Without fail, at every event we’ve held, someone asks if Harold Wilson received compensation or restitution after his 16+ years on PA’s death row after his wrongful conviction. Harold has received nothing. Well, that’s not true. He received 65 cents and a bus token and was escorted out the back door of Philadelphia County jail after his acquittal at retrial in November, 2005.
22 states have some form of compensation for exonerated prisoners, but Pennsylvania is not one of them. The Innocence Project considers this a “priority issue.”
The Innocence Project is intimately familiar with the tremendous pain and challenges exonerated people encounter after release, and has developed a series of recommendations for states to compensate the wrongly convicted.
The moral and legal obligation to provide compensation
With no money, housing, transportation, health services or insurance, and a criminal record that is rarely cleared despite innocence, the punishment lingers long after an innocent person is exonerated. States have a responsibility to restore innocent people’s lives to the best of their abilities.
The Innocence Project recommends that all states:
* Compensate exonerated people immediately after release with a fixed sum or a range of recovery for each year of wrongful incarceration. Congress and President Bush have recommended that this amount be set at $50,000 per year of wrongful incarceration.

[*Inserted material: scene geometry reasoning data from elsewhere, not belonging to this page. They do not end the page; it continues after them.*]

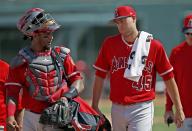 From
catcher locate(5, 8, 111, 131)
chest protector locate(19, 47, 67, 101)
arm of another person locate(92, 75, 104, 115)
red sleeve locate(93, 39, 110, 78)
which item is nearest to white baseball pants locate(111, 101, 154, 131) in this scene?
arm of another person locate(92, 75, 104, 115)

* Provide immediate re-entry funds and access to job training, educational, health and legal services after an innocent person’s release.
Pennsylvania Senate Bill 714 would provide a mechanism for compensating exonerated prisoners. It is not a perfect bill. It would require the exoneree to file a claim in common pleas court, which is not recommended by The Innocence Project. But SB 714 is a step in the right direction. It has eight co-sponsors, including the chair of the Senate Judiciary Committee.
This is fresh in my mind not only because we keep getting that question but also because Harold spent most of the trip tonight from Erie to Pittsburgh telling me about the hardships exonerees face. Much of it was not news, but it is good to have that reminder.
Lorry Post of Murder Victims’ Families for Reconciliation re-joined the tour today and will be with us for a big day on Thursday in Pittsburgh.